Underwater view ports have been used on ships, boats or other watercraft for decorative and safety purposes as well as to aid exploration of the surrounding water. Similarly, lighting has been applied to these same watercraft to improve visibility during the dark hours or during periods of overcast or cloudy conditions. Lights have been applied so as to illuminate the sides of the watercraft in order to better visualize the watercraft from a distance, to further enhance the appearance of the watercraft, and to illuminate the surrounding water area. Lights have been mounted in various locations on the deck or hull of the watercraft to accomplish this purpose.
Conventional view ports use a frame to mount a substantially transparent window to the hull.
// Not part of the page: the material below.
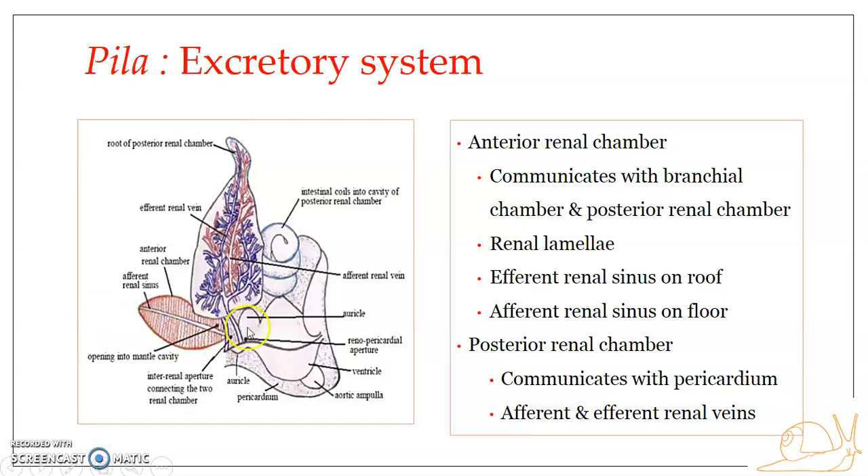The dorsal and ventral walls of the anterior renal chamber are produced into thin triangular leaf-like processes. Internally, the anterior renal chamber has these thin triangular leaf-like processes on the dorsal and ventral walls, and these are known as renal lamellae. Renal lamellae are thin triangular leaf-like processes found dorsally and ventrally along the internal lining of the anterior renal chamber.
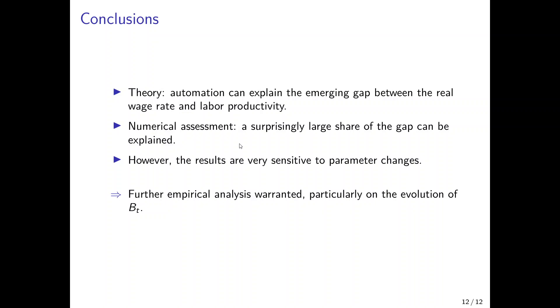In summary: the theory shows that the emerging gap between the real wage rate and labor productivity can, in principle, be explained by automation. The numerical assessment indicates how much can be explained, and the baseline simulation suggests that a surprisingly large share of this gap is attributable to automation. Of course, I am aware there are many other theories and a lot of uncertainty in the data. What is particularly needed is further estimates on the underlying parameters — especially on the productivity of robots — to make more substantiated claims about the difference between labor productivity and wages.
Smaller view ports have used a single piece thru-hull having a mechanically or chemically fastened window inside the thru-hull fitting.
Thru-hull mounted lights are often in the form of light strips composed of a string of high intensity light bulbs contained within a housing or a plurality of individual lights within a housing applied externally along the perimeter of the hull and oriented to shine downwards along the side of the hull. Various applications of the housings and light shields are used to redirect the light rays from the light source downward along the surface of the hull (including the ability to adjust the housings in order to project beams along a desired path). Although such configurations provide substantial illumination of the hull sides, they are not waterproof or watertight and therefore are placed substantially higher than the waterline. Therefore, little to no illumination of the surrounding water area is provided as the light intensity fades considerably from the light source as it reaches the waterline. Furthermore, because the light rays are directed downward along the surface of the hull, illumination is restricted primarily to the line of the watercraft. Therefore, the light rays do not deviate outward into the surrounding water and may be easily obstructed by other accessories attached to the hull sides of the watercraft that are closer to the waterline. Also, lights mounted on the exterior of the boat often require replacement and repair from outside the boat rather than from the inside of the boat which is usually fairly cumbersome.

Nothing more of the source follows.